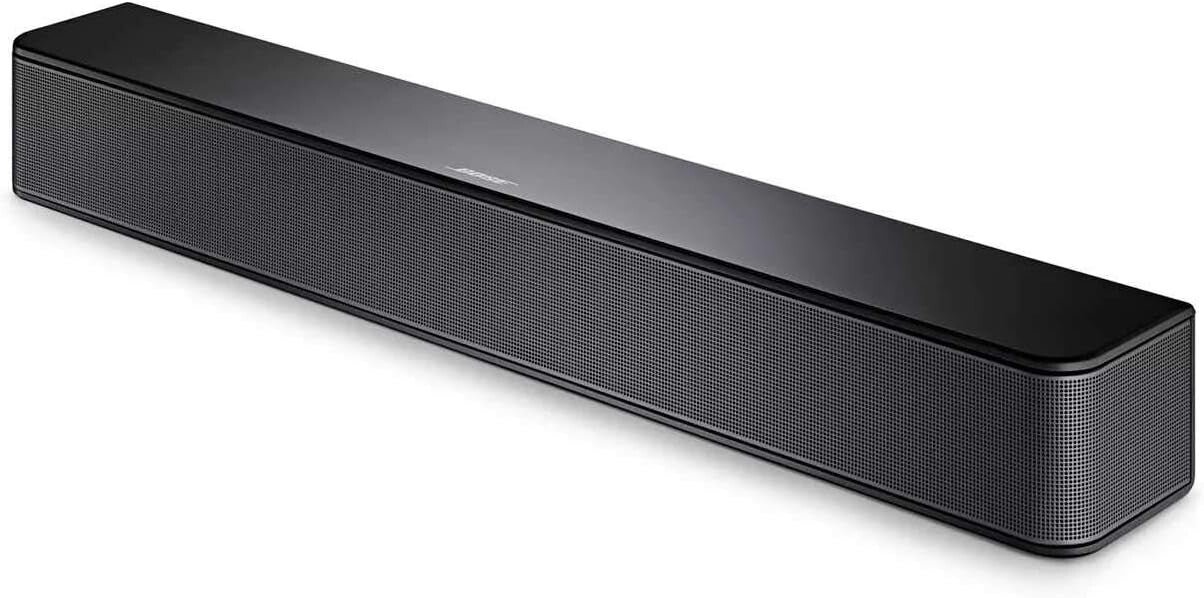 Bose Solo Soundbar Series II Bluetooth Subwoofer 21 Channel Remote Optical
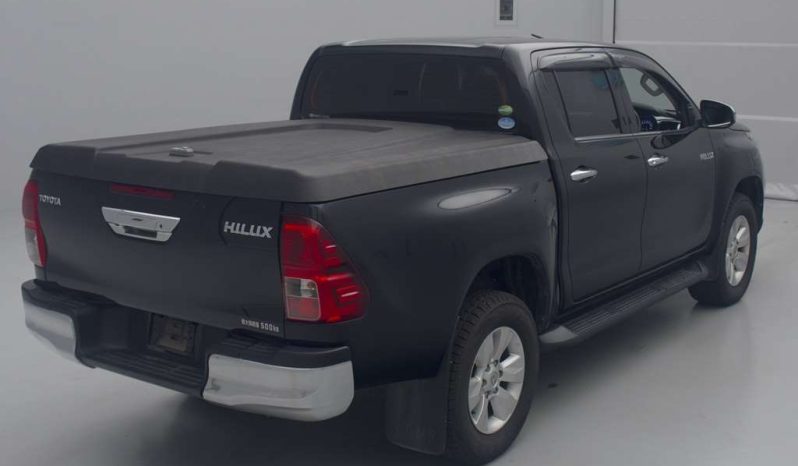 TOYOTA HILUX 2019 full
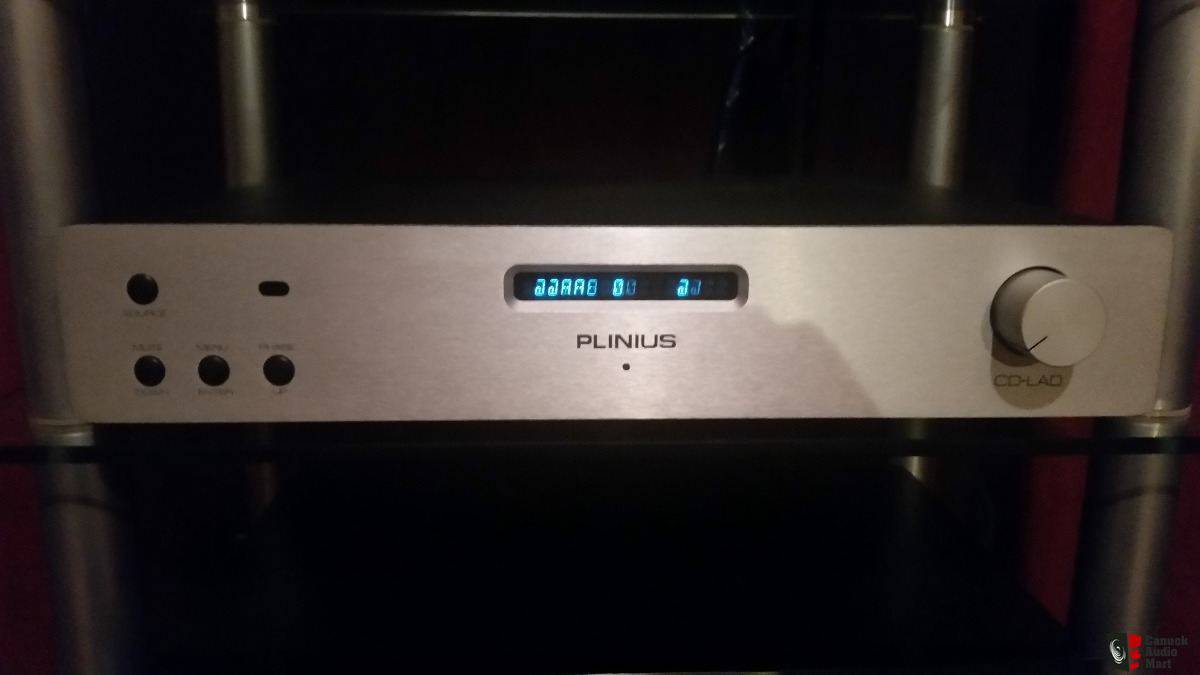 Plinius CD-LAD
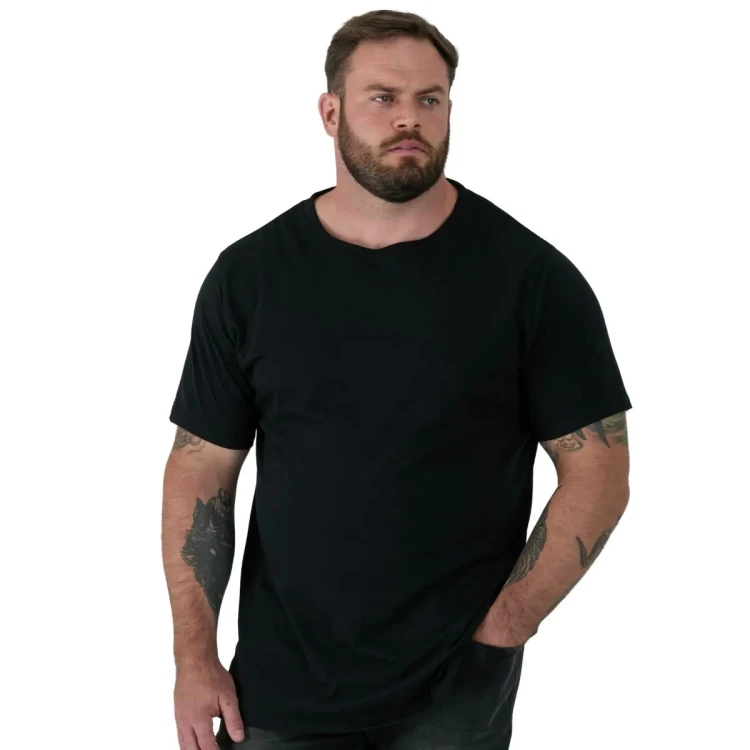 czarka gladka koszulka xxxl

WHAT THE TASK ASKS — Print the listing exactly, pictures excluded.

WRITTEN SOLUTION —
 Bose Solo Soundbar Series II Bluetooth Subwoofer 21 Channel Remote Optical
 TOYOTA HILUX 2019 full
 Plinius CD-LAD
 czarka gladka koszulka xxxl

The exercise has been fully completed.